Ein Magenbypass, der bei extremer Fettleibigkeit einen Gewichtsverlust erzwingt, kann Menschen mit Typ-2-Diabetes mellitus in drei Viertel der Fälle von ihrer Stoffwechselstörung befreien. Dieser Effekt hält einer aktuellen Studie zufolge zwei Jahre nach dem Eingriff an. Ob eine Operation auch weniger übergewichtigen Diabetikern hilft, auf Insulingaben zu verzichten, untersuchen derzeit Mediziner am Universitätsklinikum Heidelberg in einer klinischen Studie. Die Forscher interessiert dabei auch, ob die Operation außerdem die schädlichen Folgen des erhöhten Blutzuckers an Gefäßen oder Nerven verhindern kann. Über erste Ergebnisse und die Risiken und Chancen der Diabeteschirurgie berichtet Kongresspräsident Professor Markus W. Büchler im Vorfeld des 129. Kongresses der Deutschen Gesellschaft für Chirurgie (DGCH) auf einer Vorab-Pressekonferenz am 23. April 2012 in Berlin.
Bei einem Magenbypass wird die Nahrung anders als beim Magenband aus einem verkleinerten Magen direkt in den Dünndarm geleitet. Die Nahrung umgeht damit dauerhaft den Zwölffingerdarm. Das Risiko, an der Operation zu versterben, liegt trotz der Hochrisikopatienten bei geringen 0,35 Prozent. Die Patienten können nach wenigen Tagen die Klinik verlassen.
„Die Magenverkleinerung zwingt zu kleineren Mahlzeiten. Zudem ist durch die funktionelle Verkürzung des Dünndarms die Verdauung energiereicher Fette und Kohlenhydrate deutlich vermindert“, erklärt Professor Dr. med. Markus W. Büchler, Ärztlicher Direktor der Klinik für Allgemeine, Viszerale und Transplantationschirurgie, Universität Heidelberg. Bei extremer Fettleibigkeit habe sich die Magenbypass-Operation bewährt. Sie werde in Deutschland für Menschen mit einem Body-Mass-Index (BMI) über 35 angeboten.

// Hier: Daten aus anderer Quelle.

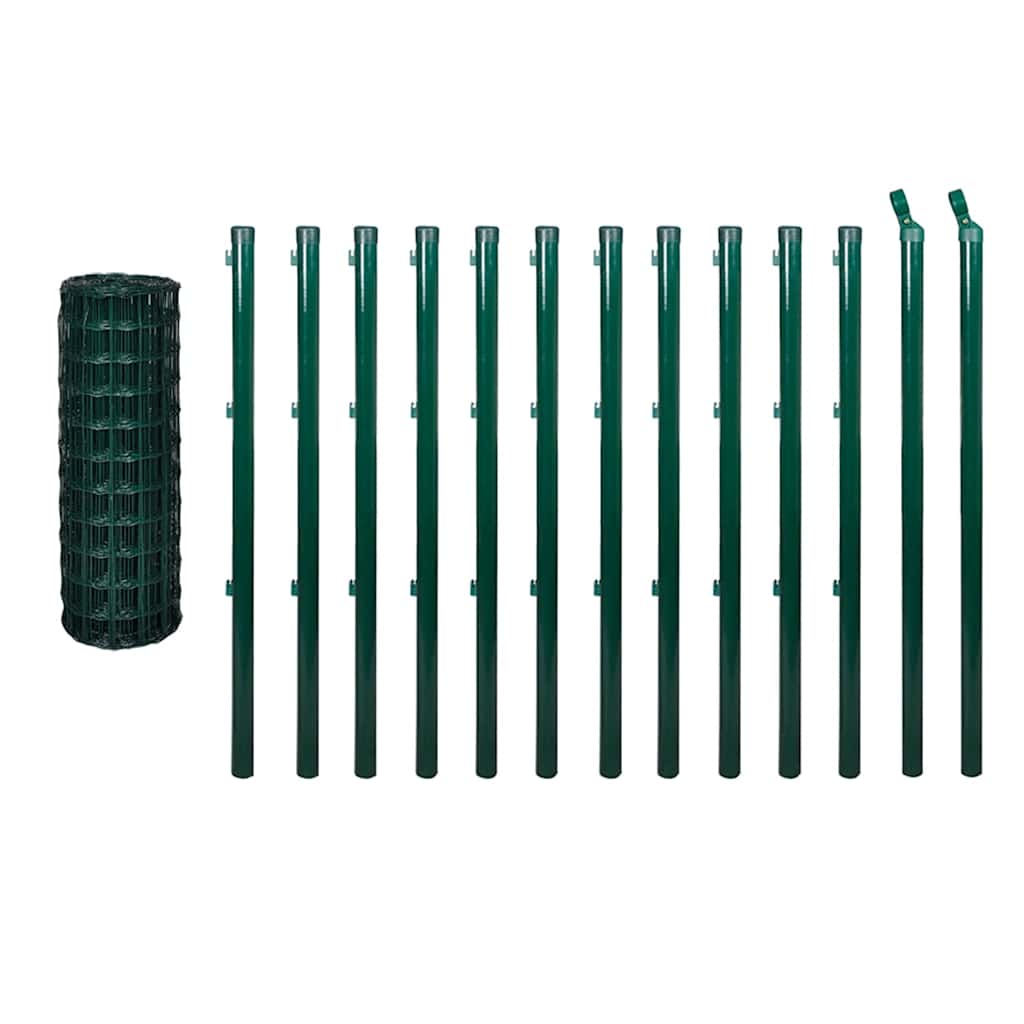 vidaXL Euro Fence Steel 25x1.5 m Green 2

Neu ist der Einsatz bei Menschen mit Typ-2-Diabetes mellitus, die in der Regel übergewichtig mit einem BMI ab 25, aber nicht unbedingt extrem fettleibig sind. „Nicht alle Fettleibigen haben einen Diabetes“, berichtet Professor Büchler: „Wenn dieser aber besteht, kommt es nach der Operation in bis zu 93 Prozent zu einer so genannten Remission, beziehungsweise Verbesserung des Blutzuckers.“ Dieser normalisiere sich oft schon nach wenigen Tagen, noch bevor die Gewichtsabnahme einsetze. In Heidelberg untersucht das Team um Büchler deshalb, bei welchen Patienten die Operation auch zur Kurierung des Typ-2-Diabetes mellitus angeboten werden kann.
Professor Büchler verweist auf zwei Studien, die im März auf der Jahrestagung des American College of Cardiology in Chicago vorgestellt wurden. „Es handelt sich um die ersten großen Studien, in denen die Operation direkt mit der medikamentösen Diabetestherapie verglichen wurde“, berichtet der Chirurg: „In beiden Studien erzielte der Magenbypass bei den schwer Übergewichtigen die bessere Wirkung. In einer Studie hatten 42 Prozent der Diabetiker zwei Jahre nach der Operation einen normalen Langzeitblutzuckerwert HBA1c, in der anderen Gruppe erzielten sogar 75 Prozent eine Heilung.“ Medikamente konnten dagegen den Diabetes erwartungsgemäß nicht heilen. „Einige blutzuckersenkende Medikamente haben außerdem den Nachteil, dass sie eine Gewichtszunahme fördern und damit den Stoffwechsel zusätzlich belasten“, sagt Büchler.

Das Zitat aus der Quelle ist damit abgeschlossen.